Jake did some quick math in his head.
“It was the Symi, wasn’t it?”
He knew the ship’s route and timing.
Graves was silent.
“You sacrificed the one ship that hurts us the most.”
“Don’t be melodramatic,” said Graves. “We needed to validate the intelligence.”
“Melodramatic? You had me fly here to persuade Athena Romanos for more time, and then you used that time to send twenty-three of her men to their graves. You betrayed her trust and mine.”

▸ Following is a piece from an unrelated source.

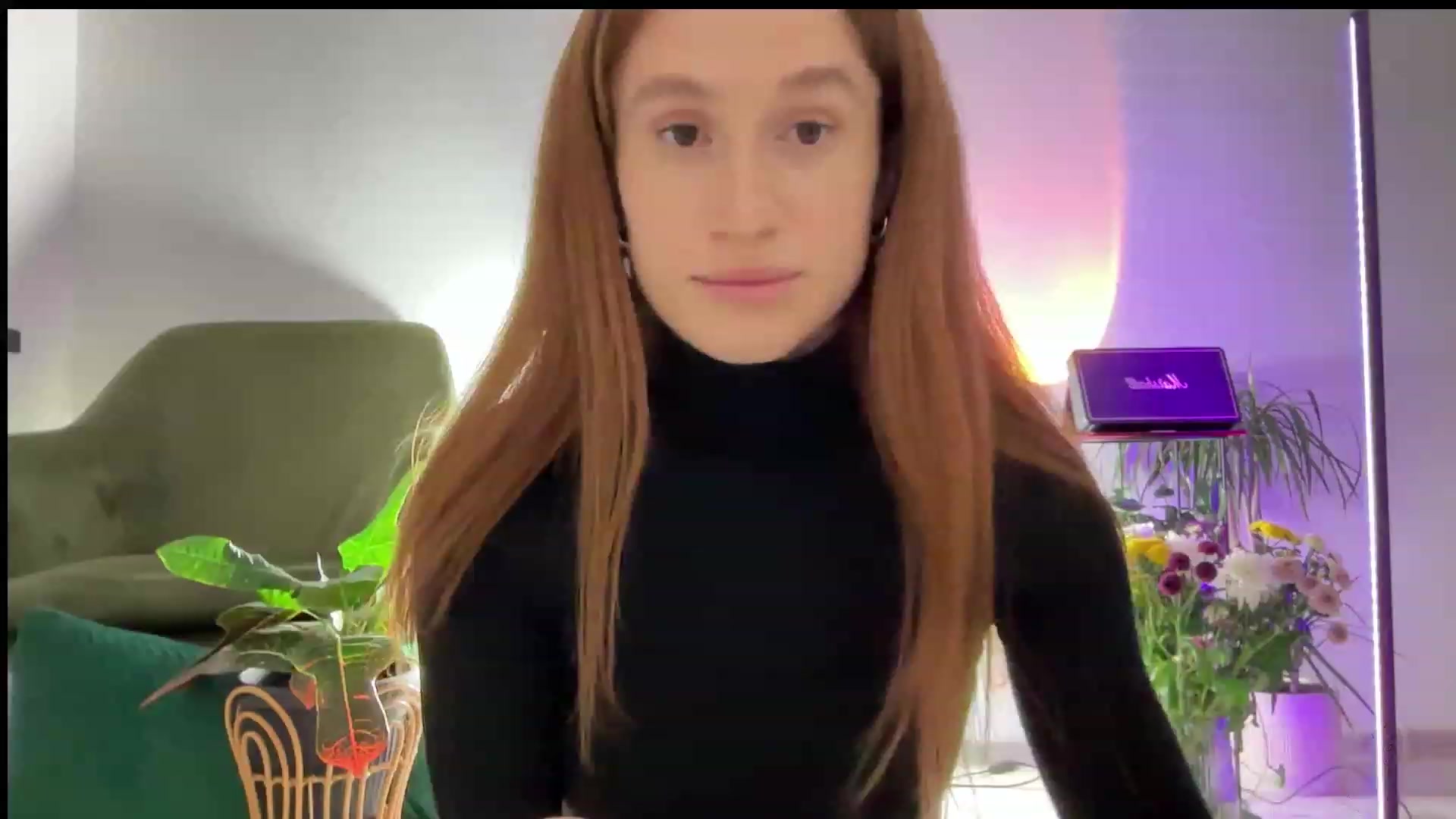 Gallery image thumbnail from LovelyBvnny's myfreecams stream on, 01/01/2024, 17:35 image 8 of 20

“We’re not here to make friends, Keller. We’re here to protect the interests of the United States of America. And don’t worry about Romanos—today is the day she was going to turn the ship around. It would have been too late anyway.”
“She would have turned it around four days ago if I hadn’t begged her not to.”
“You were doing your job. She’ll understand that. People don’t become billionaires by playing nice all the time.”
“Ted, I want to make sure you understand that there is a very real chance that she’s going to go to INTERPOL, either because she thinks we’re incompetent or she realizes that we’ve been lying to her. If she does that, they’ll alert the Somalis, and Yaxaas will vanish. The mission will be over.”
Graves leaned back in his chair and cracked his knuckles.
“Where are you now?”
“We just passed Djibouti,” Jake said. “We’ll be wheels-down in Mogadishu in an hour.”
“Make a U-turn.”
“What?”
Graves spoke slowly, as if speaking to a child.
“Ask the nice men in the front of the airplane to turn it around . . . The Ground Branch team got hung up battling a group of insurgents and won’t be able to get to Mogadishu for a few more days, which means we won’t be able to get to Yaxaas, which means you need to head back to Greece and convince Ms. Romanos to stay away from INTERPOL, because if those idiots go to the Somali authorities and Yaxaas learns about it, he’s gone, and that absolutely, positively, cannot fucking happen.”
THIRTY-THREE
IT WAS JUST after five p.m. when the Gulfstream touched down in Athens. Jake had called ahead for another rental car, and he
floored it as he left the airport. Graves might have rationalized the deaths of the twenty-three innocent crewmen to himself, but Jake knew CIA could have stopped it, and he saw it as his responsibility to tell Athena about the Symi face-to-face. By the time he reached her office building in Glyfada, most of the lights were off, but the silver Jaguar was still in its parking space.
He stopped in front of the main entrance and was headed for the security desk when Athena emerged from the elevator.
“You lied to me!” she yelled across the lobby.
The armed security guard stepped in front of her protectively. He had his hand on his holstered weapon.
She said something in Greek and the man stepped aside, but he kept his hand on his gun and glared at Jake.
Athena brushed by Jake and stormed out the front door without saying another word.
“Athena!” he said, once they were both on the street.
She stopped and turned around with fury in her eyes.
“We stopped getting position updates from the Symi six hours ago,” she said. “I deluded myself that they were just having communications issues, or maybe they were busy with bad weather, but then you showed up, and I knew.”
“I didn’t—”
“I trusted you. I believed the citadel would protect my men, but they’re all dead now, aren’t they? You sent them to their graves.”
She looked at her watch.
“Damn it!” She opened her car door. “I need to get home.”
“We need to talk.”
“There’s nothing to talk about. You’ve wasted the lives of my crew. I’m calling INTERPOL and ending this lunacy.”
“Please let me explain.”
“Fine!” It was easier for her to say “yes” than to keep arguing, and she needed to take care of Giánnis.
She gunned the engine and chirped the tires as she turned south onto Poseidonos Avenue, the coastal road between Glyfada and Vouliagmeni. By the time Jake reached his rental car, the silver Jaguar was long gone, and he sped under the streetlights for several minutes without so much as catching a glimpse of the car.